Sunday, May 01, 2011

Late Late review - London Film Fest 2010 Day 11 - 13 ASSASSINS


13 ASSASSINS is a fantastic film. I literally bounced out of the cinema having watched it! On one level it's a brilliantly lavish Samurai film in the classic mould - beautiful costumes, whole villages created as sets, codes of honour broken, elegantly choreographed sword-fighting - and it reminded me how much I loved Samurai films. On another level, it's typical Takashi Miike mischief - satirising the violence of Samurai movies with a level of gore and blood that is quite simply ridonkulous - and making the village idiot actually a better sword-fighter than the pompous Samurai.

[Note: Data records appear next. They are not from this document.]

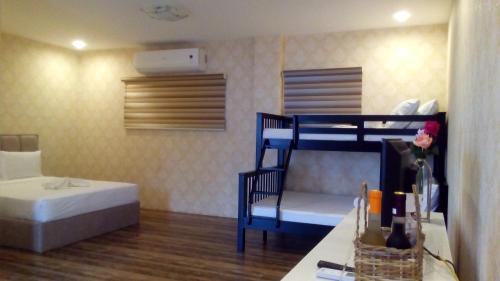 CalapanMahalta Resorts and Convention Center的客房设有两张双层床、一张床和一张桌子。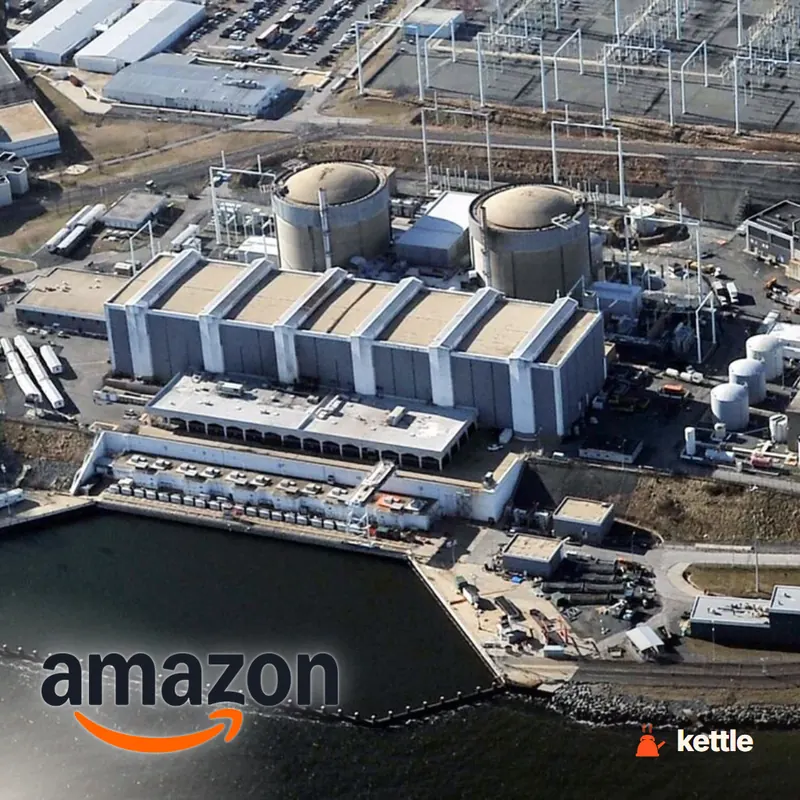 Aerial view of a nuclear power plant with the Amazon logo overlaid in the corner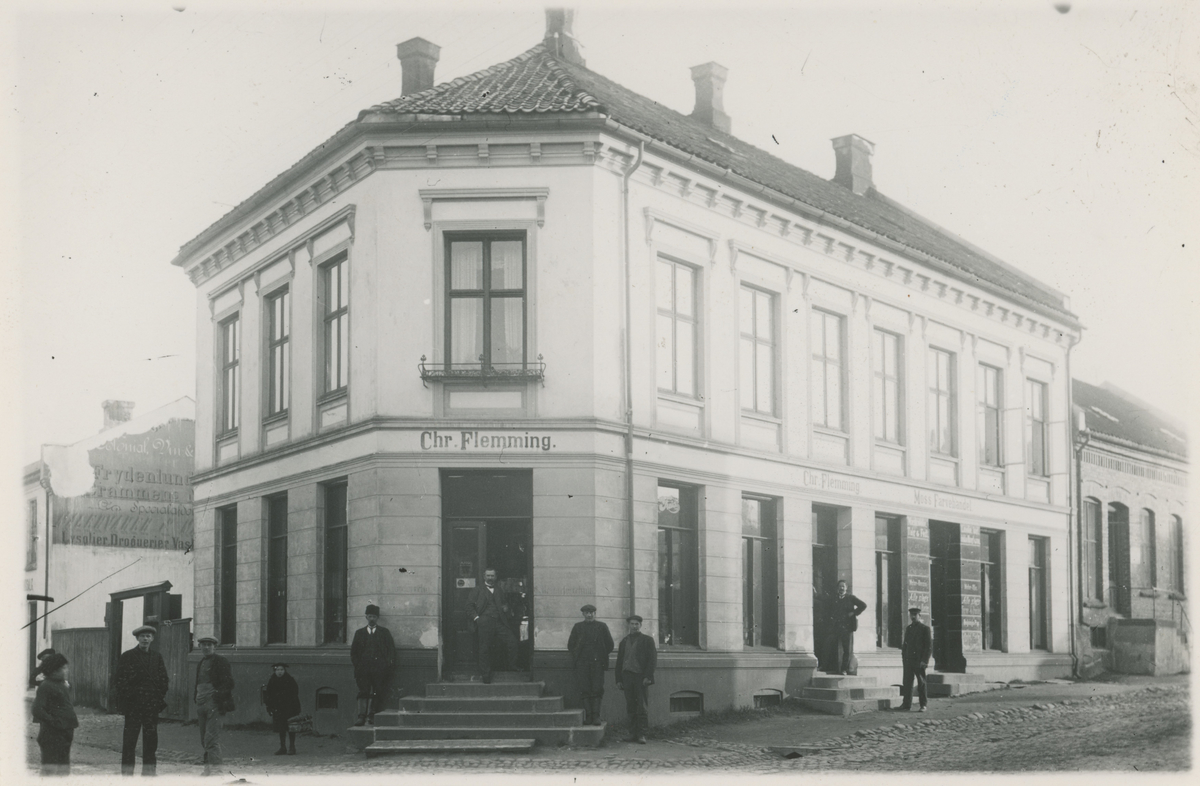 Ca. 1910.

Bilde 1:
Fotograf har stått i front for butikken.
Detaljer:	Dronningens gate 17, L. P. Sterud med ansatte.
Historikk: Sterud åpnet 1. april 1895 og var aktive helt opp til våre dager.				

Bilde 2:
Fotograf har stått i front for bygningen.	
Detaljer:	Kongens gate 5 med folk i vinduene.
Historikk: Kongens gate 5 - Strømberggården. Oppført før 1798. Leilighetskompleks.

Bilde 3-4:
To kopier av samme bilde.
Fotograf har stått i front av bygningen.
Detaljer:	Kongens gate 9, Clemmentsgården. Skilt for Blikkenslager A. Larsen.
Historikk: Oppført før 1794. Brant ned i 1946. Denne delen av gata gikk under navnet "Konggata".

Bilde 5:
Fotograf har stått i krysset Vogts gate/Kongens gate. Flemmingkrysset i dag.
Detaljer:	Kongens gate 44, forretningen til Christian Flemming.
Historikk: Opprettet i 1891. Overtok lokalene etter Chr. Hermanstorffs kolonial. Butikken flyttet til Kongens gate 38 i 1941 med ny eier.

Bilde 6:
Fotograf har stått i Kongens gate.
Detaljer:	Kongensgate 1. S. Jensen Kolonial, med ansatte. Folk, Storebro i bakgrunnen.
Historikk: Denne delen gikk under navnet Konggata og bygningen med navnet Thoresgården. Oppført på slutten av 1700. Brant ned i 1981.

Bilde 7:
Fotograf har stått på utsiden av bygningen.
Detaljer:	Kongens gate 15, Café Central med ansatte, Rygge og Moss Herreds Lensmannskontor til venstre.
Historikk: Cafeen hadde telefonautomat.

Bilde 8:
Fotograf har stått ved Øvre torv.
Detaljer:	Kongens gate 24 (22 i dag). Reklame for Elefant-Apothek rundt hjørnet, A/S Moss Kaffeforretning med utstillingsvinduer.
Historikk: Elefantapoteket var i drift i perioden 1736 - ca. 2016. I Kongens gate 24 fra tidlig 1900.

Bilde 9:
Fotograf har stått i front av forretningen.
Detaljer:	Kongens gate 26. Anna Larsens Modeforretning med Anna Larsen og ansatte.
Historikk: Forretningen ble opprettet i 1897, og byttet adresse flere ganger.

Bilde 10:
Fotograf har stått rett utenfor forretningen.
Detaljer:	Kongens gate 14. Kjæmperud med ansatte, gasslykt.
Historikk: Byttet lokaler til Kongens gate 15 rundt 1913.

The plot is straight out of Shogun Total War 2. It's mid 19th century Japan with the Shogunate on its last legs but still rich enough to hire Shinzaemon (Kôji Yakusho) to assassinate the evil pretender, Lord Naritsugu (Gorô Inagaki). The first half of the film is a Kurosawa style "putting the band back together" narrative, with the cool twist of having Yusuke Iseya play the provincial dolt who gains a place alongside his hard-core Samurai team-mates. And in the second half of the flick, they turn the town of Ochiai into an A-Team style booby-trap setting up a brutal, bloody massacre.

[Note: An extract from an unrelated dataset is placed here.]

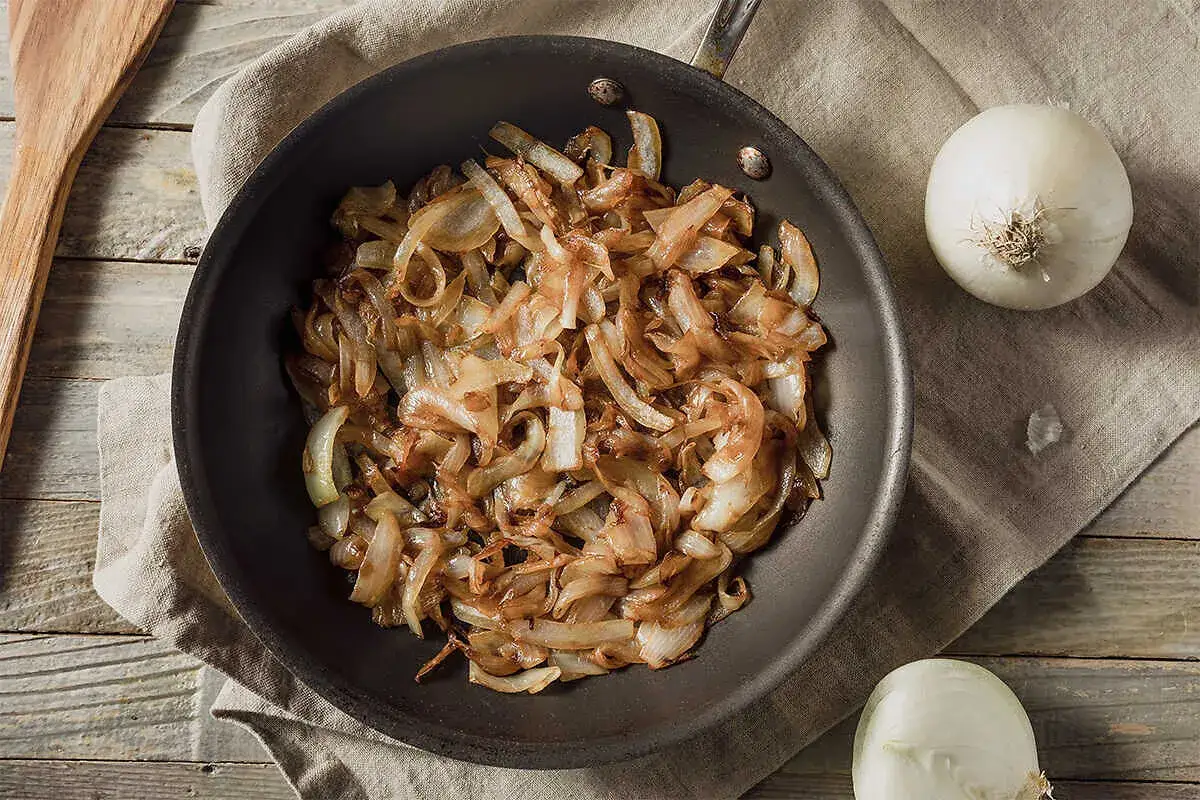 Gebratene Zwiebeln in einer Pfanne, goldbraun und karamellisiert. Nebenbei liegen zwei ganze Zwiebeln. Perfekt zum Zwiebelgrillen!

The first thing to say about 13 ASSASSINS is that it looks amazing. The production design is lavish in style and flawless in its period detail, creating a look typically associated with epic historical drama. The photography (Nobuyasu Kita) echoes this lavish style with Kubrick-like deliberate framing and slow, stylised camera movements. Interior scenes are lit by candelight to give an authentic feel and the detail of the costumes is breath-taking. The second thing to say is that beyond the historic detail, Takashi Miike remains the Director of the Egregious - from the audacious sadism of Naritsugu (e.g. the women crippled so extremely by "total massacre") -  to the egregious and dogmatic code of honour of Shinzaemon -  to the balletic, operatic, monumental final display of bloodshed in the village. Miike creates a film that is utterly modern in its gorging, self-indulgent, obese display of blood and violence - but also a film that is curiously nostalgic for the age of the Samurai when that bloodshed was part of a self-sacrifice for honour. His film is, then, a bravura performance - modern, nostalgic, bloody, but with depth. Undoubtedly one of the finest films of the London Film Festival.

13 ASSASSINS played Venice and Toronto 2010 and was released in Japan in September. It opens in the UK in May 2011.